The _vrconfig.txt file is a text-based configuration file that customizes VR interactions for your aircraft.
VR Configurations are aircraft-specific which means each ACF requires its own configuration file. While VR Configurations are not required, they are strongly encouraged. Aircraft that do not have a VR Configuration will still load and still work, even with VR enabled, however, there will be no hotspots to make it easy for the user to get back into the pilot seat, and there will be no customization allowing the VR controllers to be used to their fullest potential.
The VR Configuration name needs to match the prefix of the ACF file, with _vrconfig.txt appended to the end. For example, to make a VR config for Cessna_172SP.acf, the file needs to be called Cessna_172SP_vrconfig.txt. This file must exist in the same directory as the ACF file.
The _vrconfig.txt file is a text file – Unix or Windows line endings are legal, blank lines are allowed after the header, and the character set should be UTF-8.
The header of the file should be
followed by the directives listed below.
Hotspots are predefined locations that are used to precisely orient the VR user when selected. They are commonly used on the pilot and co-pilot seats so that users can quickly position themselves accurately in the seats.
Each hotspot block defines a single hotspot on or around the aircraft. You must use a matched pair of BEGIN_TELEPORT_HOTSPOT and END_TELEPORT_HOTSPOT. In this block you must have:
- Exactly one Axis-Aligned-Bounding-Box (AABB)
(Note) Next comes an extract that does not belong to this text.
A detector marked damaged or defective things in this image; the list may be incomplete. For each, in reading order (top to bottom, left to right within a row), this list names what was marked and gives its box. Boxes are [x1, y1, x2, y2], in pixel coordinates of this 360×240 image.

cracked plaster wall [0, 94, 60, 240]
- Exactly one XYZ location
- Exactly one Psi, Theta, and Phi orientation respectively.
Note: Unless the REF_POINT_ACF directive is set, all units are in Aircraft Coordinates – meters with the origin at the aircraft CG and the positive Z axis pointing aft. This is not the same as the English units used in Plane-Maker.
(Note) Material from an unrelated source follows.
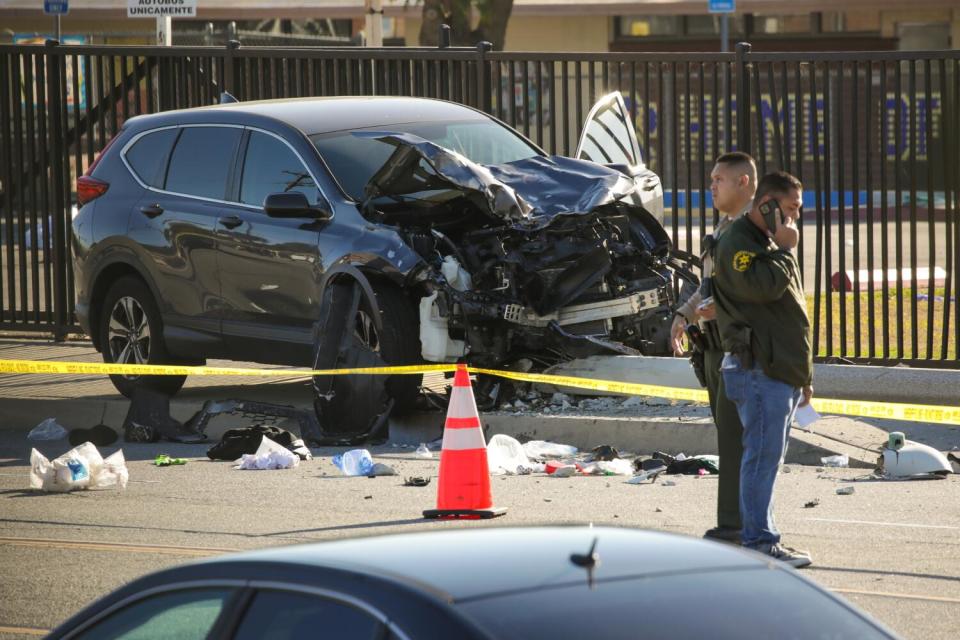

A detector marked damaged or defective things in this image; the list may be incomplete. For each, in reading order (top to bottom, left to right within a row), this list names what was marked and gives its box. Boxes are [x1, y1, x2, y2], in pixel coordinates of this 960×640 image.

REF_POINT_ACF <y_meters> <z_meters> (V12 and later)
If this directive appears in the VRCONFIG, the hotspot location origin for AABB and PRESET_XYZ are no longer tied to the aircraft’s CG but instead moves to some offset from the aircraft’s authoring point in Plane-Maker. Typically artists will put the reference point of the aircraft at the tip of the nose or tail and it stays there throughout the aircraft’s existence. This makes it a more useful reference point for coordinates than the aircraft’s CG which might change as authors gather newer and more accurate data to model the aircraft.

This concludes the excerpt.